━━━━━ Input data

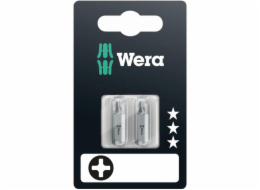 Šroubovací bity Wera Standard 2 ks PH2 x 25mm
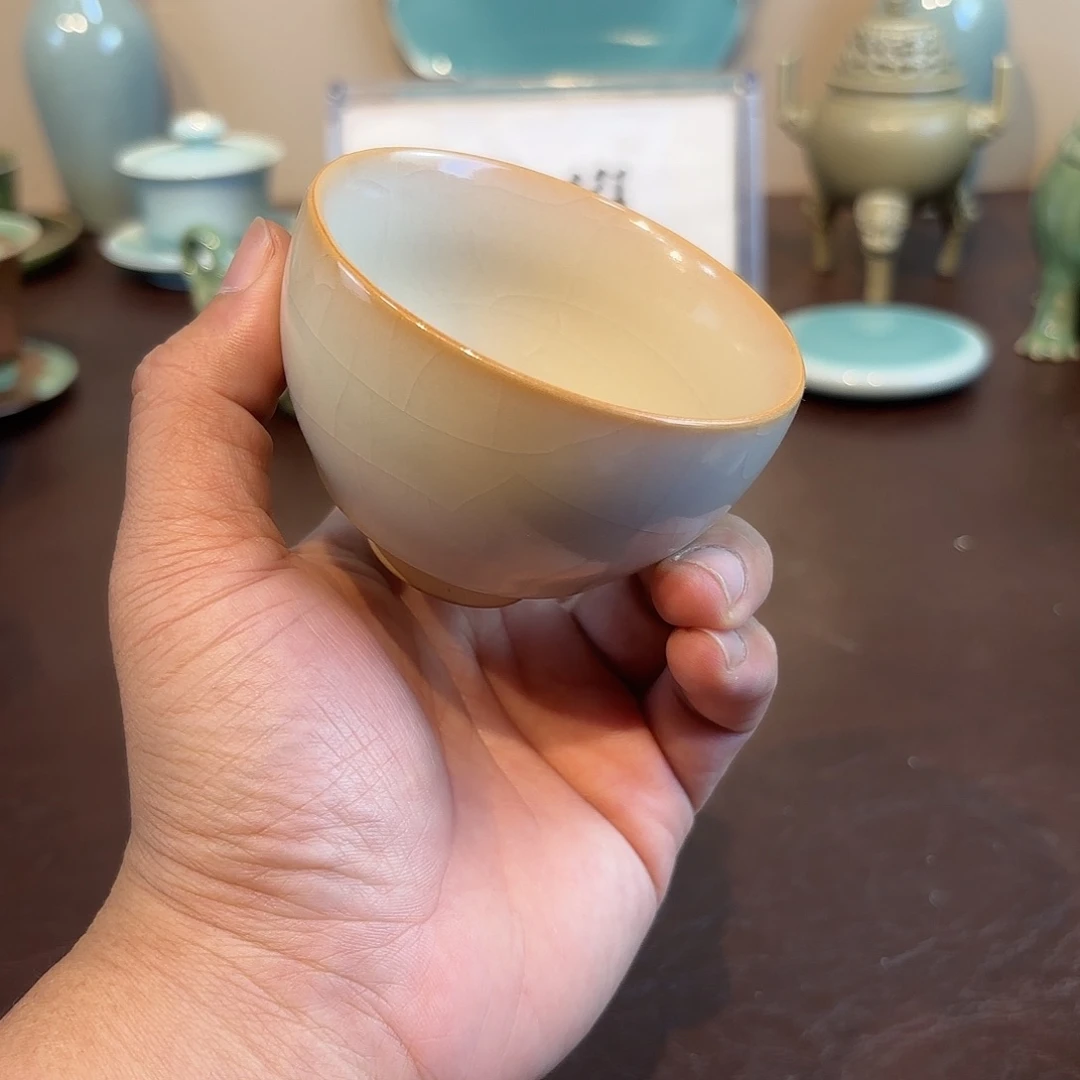 瓷片龙泉青瓷福利青瓷福利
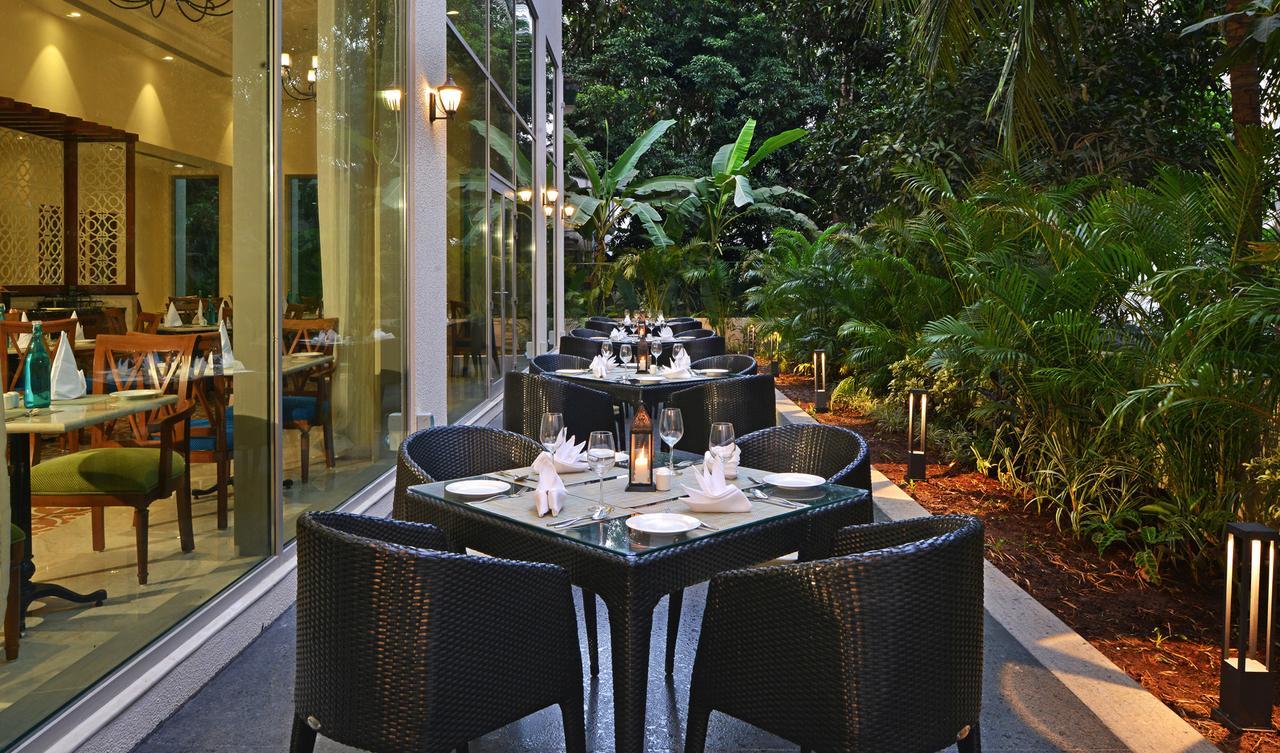 Fortune Miramar Goa - Member ITC Hotel Group, Panaji Bagian luar foto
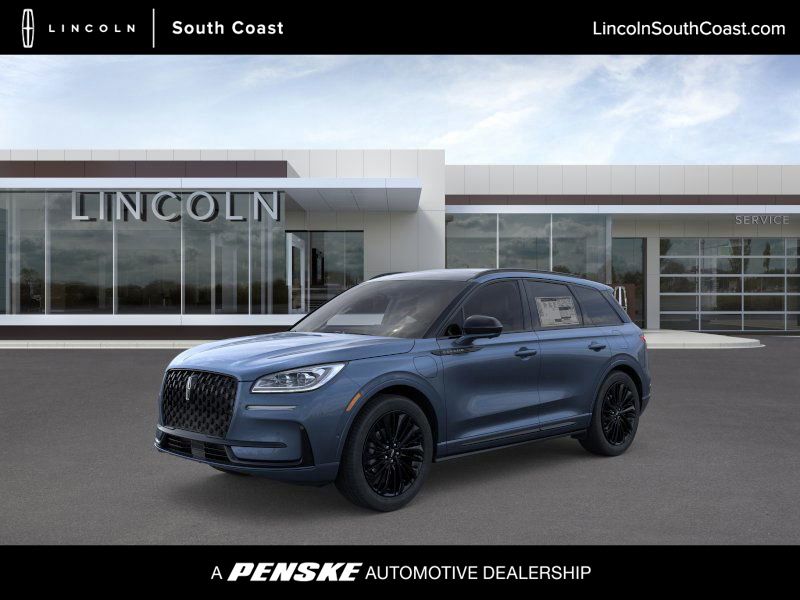 Thumbnail: 2025 Lincoln Corsair - 1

━━━━━━━━━━

#### [Work task]
Repeat each line of the material exactly, please, and skip every picture.

#### [Solution for this task]
 Šroubovací bity Wera Standard 2 ks PH2 x 25mm
 瓷片龙泉青瓷福利青瓷福利
 Fortune Miramar Goa - Member ITC Hotel Group, Panaji Bagian luar foto
 Thumbnail: 2025 Lincoln Corsair - 1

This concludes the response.